Logo uwwet.nl wetgeving overwegingen rechter juridische bijstand jurisprudentie uitwerkingen rechtspraak juristen regelgeving uitspraken advocaten besluiten notaris wetten rechtsbijstand rechterlijke beslissingen toelichtingen rechtshulp
www.uwwet.nl is er voor iedereen. Wij bedoelen dan ook iedereen.
Bestudeer uw rechten en plichten op uwwet.nl
-
-

- rechtspraak

LJN: BM9994, Gerechtshof 's-Gravenhage , 200.060.838/01

Datum uitspraak: 02-06-2010
Inhoudsindicatie: Uithuisplaatsing: De door de moeder verzochte benoeming van een deskundige kan niet mede tot beslissing van de zaak leiden.





Uitspraak

GERECHTSHOF ’s-GRAVENHAGE
Familiesector

Uitspraak : 2 juni 2010
Zaaknummer : 200.060.838/01
Rekestnr. rechtbank : JE RK 09-3269

[appellant]
wonende te [woonplaats]
verzoekster in hoger beroep,
hierna te noemen: de moeder,
advocaat mr. L.A. van Walree-Brascamp,

tegen

de Stichting Bureau Jeugdzorg Haaglanden,
kantoorhoudende te Leidschendam-[woonplaats]
hierna te noemen: Jeugdzorg.

Als belanghebbende zijn aangemerkt:
1. [belanghebbende]
wonende te [woonplaats]
hierna te noemen: de vader,
2. [belanghebbende]
wonende te [woonplaats]
de grootouders moederszijde, tevens de pleegouders, hierna te noemen: de pleegouders.

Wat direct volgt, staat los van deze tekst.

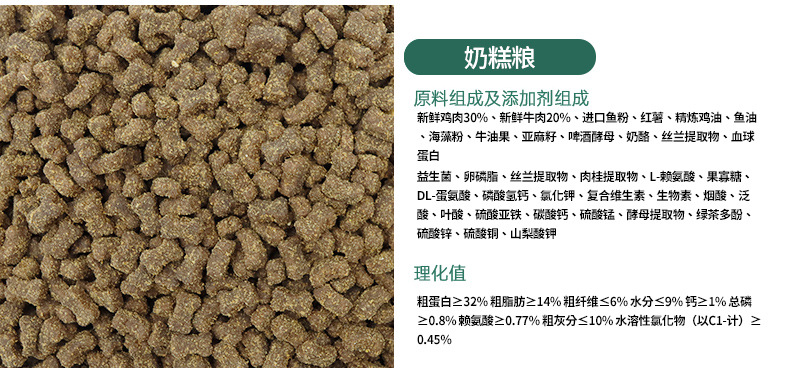 探寻产业未来:饲料添加剂生产厂家的发展趋势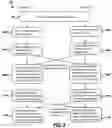 Fig. 11 - Rate selection in multiple-input multiple-output communication systems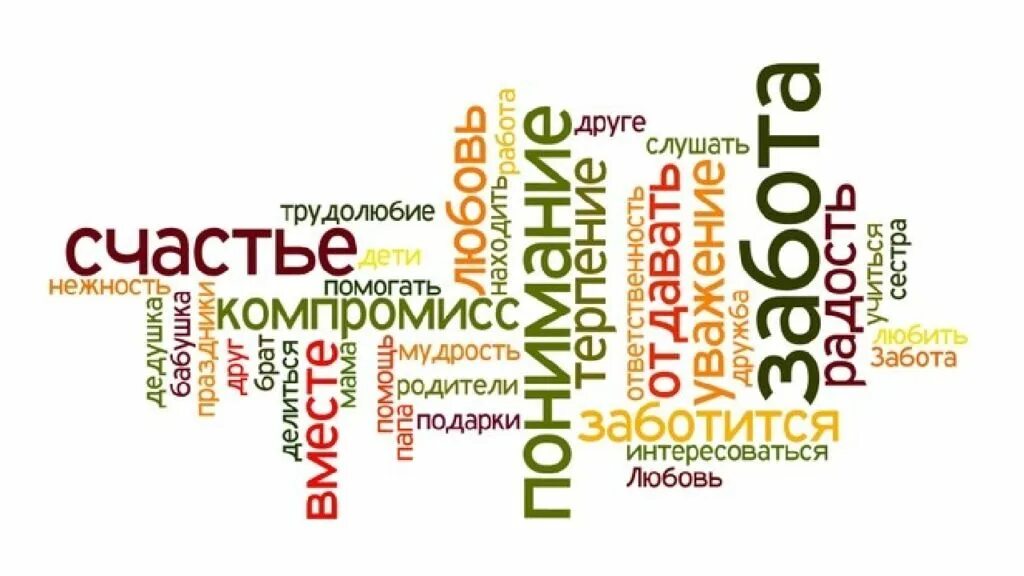 Ценности слоганы. Счастливая семья слоган. Ассоциации со словом счастье. Облако слов счастье. Ассоциации со словом скмьч.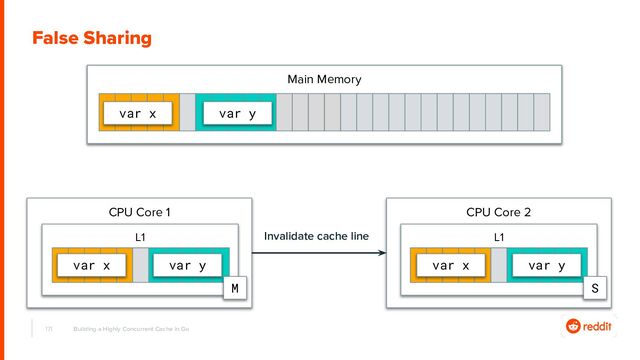 171
False Sharing
Main Memory
CPU Core 2
L1
var x var y
Building a Highly Concurrent Cache in Go
CPU Core 1
L1
var x var y
M
var y
var x
S
Invalidate cache line
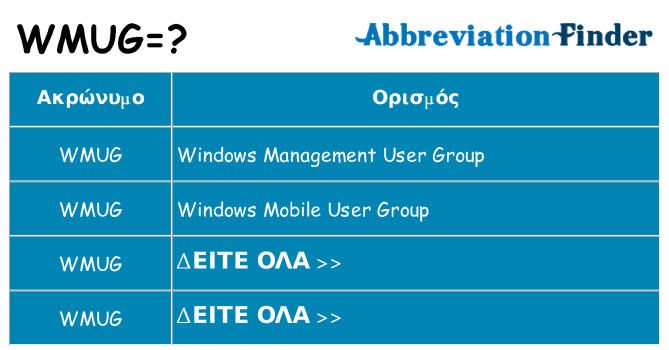 Τι σημαίνει wmug ηρεμήσει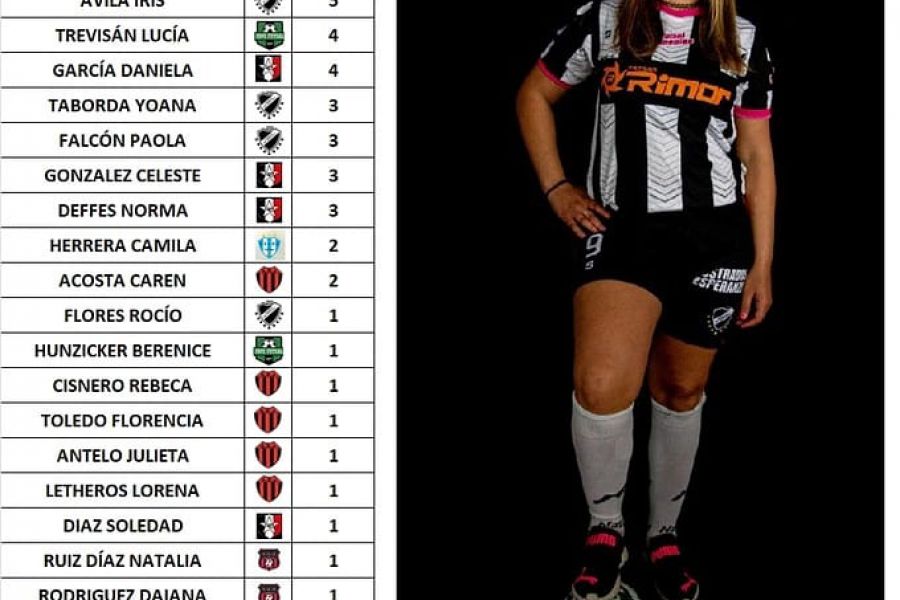 Iris Ávila - Goleadora Futsal Las Colonias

In zijn hoedanigheid als omschreven in artikel 810 van het Wetboek van Burgerlijke Rechtsvordering is in de procedure gekend:
de raad voor de kinderbescherming,
kantoorhoudende ’s-Gravenhage,
hierna te noemen: de raad.





PROCESVERLOOP IN HOGER BEROEP

De moeder is op 19 maart 2010 in hoger beroep gekomen van een beschikking van 5 januari 2010 van de kinderrechter in de rechtbank ‘s-Gravenhage.

Jeugdzorg heeft op 26 april 2010 een verweerschrift ingediend.

Van de zijde van de moeder zijn bij het hof op 16 april 2010 aanvullende stukken ingekomen.

De raad heeft het hof bij brief van 6 april 2010 enerzijds laten weten niet ter terechtzitting te zullen verschijnen en anderzijds het raadsrapport van 9 november 2006 overgelegd.

Op 12 mei 2010 is de zaak mondeling behandeld. Verschenen zijn: de moeder, bijgestaan door haar advocaat, de vader, de pleegouders en namens Jeugdzorg: de heer [naam] (de gezinsvoogd) en mevrouw [naam]. De aanwezigen hebben het woord gevoerd, de advocaat van de moeder onder meer aan de hand van de bij de stukken gevoegde pleitnotities. De hierna te noemen minderjarige Steven is in raadkamer gehoord.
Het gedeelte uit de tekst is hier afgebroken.